Postby cooran » Sun Apr 04, 2010 9:12 am

Worth bearing in mind when we minimise the lowering of standards for Bhikkhus from the level the Buddha taught:

'Anagatavamsa' " The Sermon of the Chronicle to be "
""'How will it occur? After my decease there will first be five disappearances. What five? The disappearance of attainment (in the Dispensation), the disappearance of proper conduct, the disappearance of learning, the disappearance of the outward form, the disappearance
of the relics. There will be these five disappearances.

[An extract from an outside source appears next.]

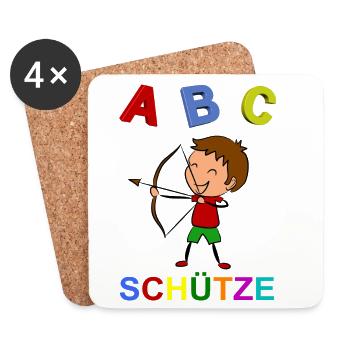 Kind Einschulung - Untersetzer (4er-Set) - Weiß - Vorne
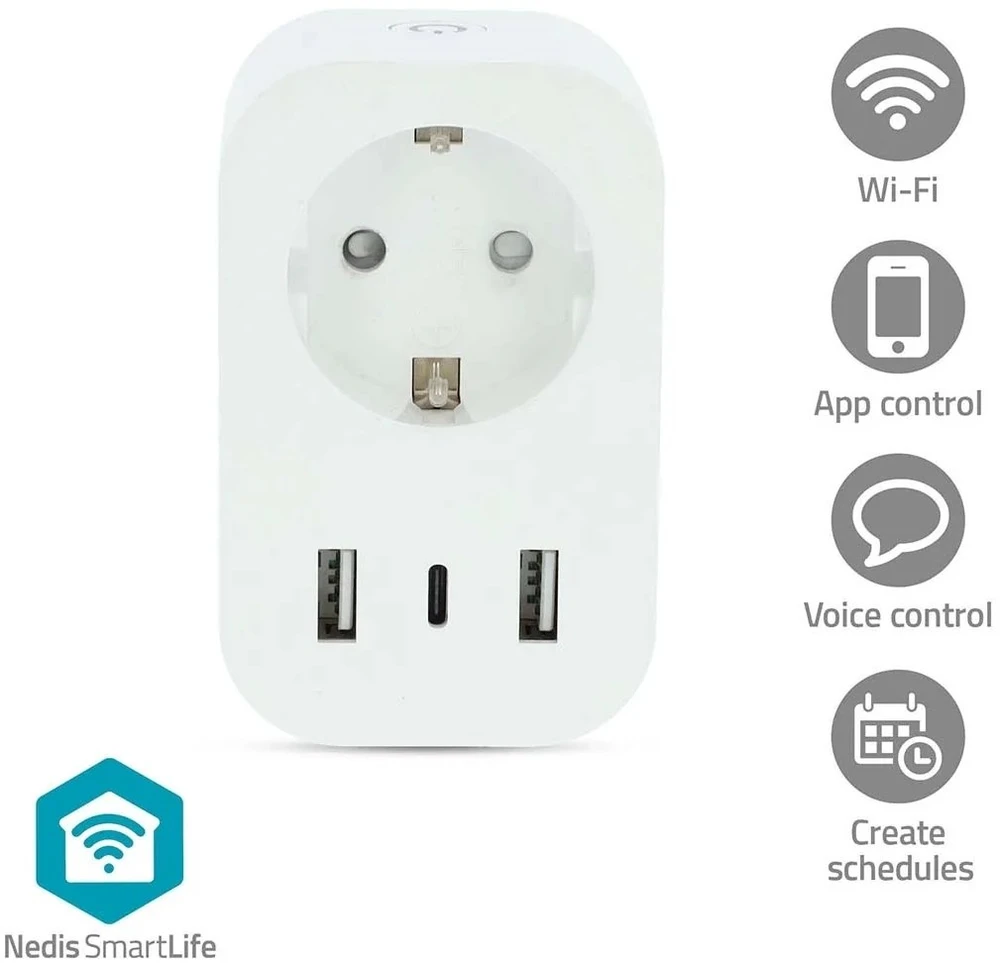 Nedis „SmartLife“ išmanusis „Wi-Fi“ kištukas | Galios matuoklis | 3680 W | F tipas (CEE 7/7) / 1 x USB-C™ / 2 x USB | 0–55 °C | „Android™“ / „iOS“ | Balta | 1 vnt.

'Here attainment means that for a thousand years only after the lord's complete Nibbana will monks be able to practice analytical insights. As time goes on and on these disciples of mine are nonreturners and once-returners and stream-winners. There will be no disappearance of attainment for these. But with the extinction of the last stream-winner's life, attainment will have disappeared.

..<.........>

'The disappearance of learning means that as long as there stand firm the texts with the commentaries pertaining to the word of the Buddha in the three Pitakas, for so long there will be no disappearance of learning. As time goes on and on there will be base-born kings, not Dhamma-men; (dharma) their ministers and so on will not be Dhamma-men, and consequently the inhabitants of the kingdom and so on will not be Dhamma-men. Because they are not Dhamma-men it will not rain properly. Therefore the crops will not flourish well, and in consequence the donors of requisites to the community of monks will not be able to give them the requisites. Not receiving the requisites the monks will not receive pupils. As time goes on and on learning will decay. In this decay the Great Patthana itself will decay first. In this
decay also (there will be) Yamaka, Kathavatthu, Puggalapannati, Dhatukatha, Vibhanga and Dhammasangani. When the Abhidhamma Pitaka decays the Suttanta Pitaka will decay. When the Suttantas decay the Anguttara will decay first. When it decays the Samyutta Nikaya, the Majjhima Nikaya, the Digha Nikaya and the Khuddaka-Nikaya will decay. They will simply remember the jataka together with the Vinaya Pitaka. But only the conscientious (monks) will remember the Vinaya Pitaka. As time goes on and on, being unable to
remember even the jataka, the Vessantara-jataka will decay first. When that decays the Apannaka-jataka will decay. When the jatakas decay they will remember only the Vinaya-Pitaka. As time goes on and on the Vinaya-Pitaka will decay. While a four-line stanza still continues to exist among men, there will not be a disappearance of learning.
When a king who has faith has had a purse containing a thousand (coins) placed in a golden' casket on an elephant's back, and has had the drum (of proclamation) sounded in the city up to the second or third time, to the effect that: "Whoever knows a stanza uttered by the Buddha, let him take these thousand coins together with the royal elephant"-but yet finding no one knowing a four-line stanza, the purse containing the thousand (coins) must be taken back into the palace again-then will be the disappearance of learning.
'This, Sariputta, is the disappearance of learning.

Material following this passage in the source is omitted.